The Daimler bus business in North America should also quickly break into the black thanks to a lean cost structure. “We act like a start-up,” says Rohde. His company buys all administrative services from Daimler Truck North America, which is much larger with around 30,000 employees and also has a headquarters in Fort Mill and represents the Group’s important truck division. “We want to concentrate fully on the customer. Daimler Truck North America helps us with the administration and offers maintenance services.”
DCNA deliberately limits itself to coaches.
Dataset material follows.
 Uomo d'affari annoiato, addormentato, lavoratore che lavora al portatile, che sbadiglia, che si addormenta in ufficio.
There are no plans to sell city buses and regular-service buses in the USA. Since the public tenders in this segment of the bus market stipulate American production, Daimler cannot compete with its buses from Istanbul.
Difficult expansion
US industry experts and competitors believe that the ambitious expansion will not be easy. “Many Americans frown on driving Greyhound, Trailways and the like. Planes or cars are preferred for long-haul routes,” says a top manager from the industry. Those who drive long-distance buses often have limited income. Therefore, the reputation of the means of transport is not the best. “Daimler will have to market its buses well in order to establish them permanently.”
Daimler Truck CEO Martin Daum had already announced to the Handelsblatt in 2021 that he wanted to use the “enormously attractive” long-term potential in the bus sector: “Look at North America. So far we have hardly been present with coaches. Only recently, however, did we present a Mercedes touring coach there: extremely luxuriously equipped and networked.” Daum was convinced: “This is the ideal vehicle for replacing planes for short flights on long-distance bus routes in the USA.”
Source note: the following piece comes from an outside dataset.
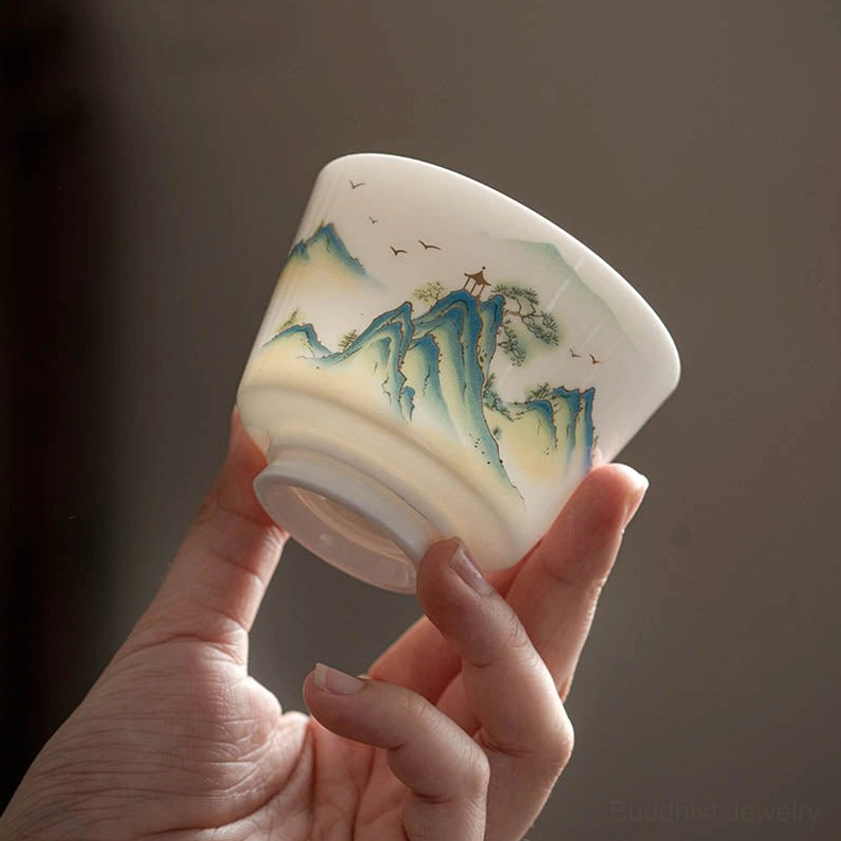 Artisan Buddhist porcelain tea cup featuring traditional hand-painted floral and nature motifs for peaceful tea drinking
In the Handelsblatt interview, Daum had also announced hydrogen buses “in the medium term”. By 2030 there should be a “CO2-neutral” vehicle range in every segment. However, the new offer in North America is not that promising: the Tourrider buses are powered in the classic way with 450 hp diesel engines from Mannheim. There is also no electric alternative.
“We want to be directly successful over the long haul. That’s why we’re starting with buses that are based on the existing infrastructure,” explains Rohde. Own bus production in North America is not planned for the foreseeable future.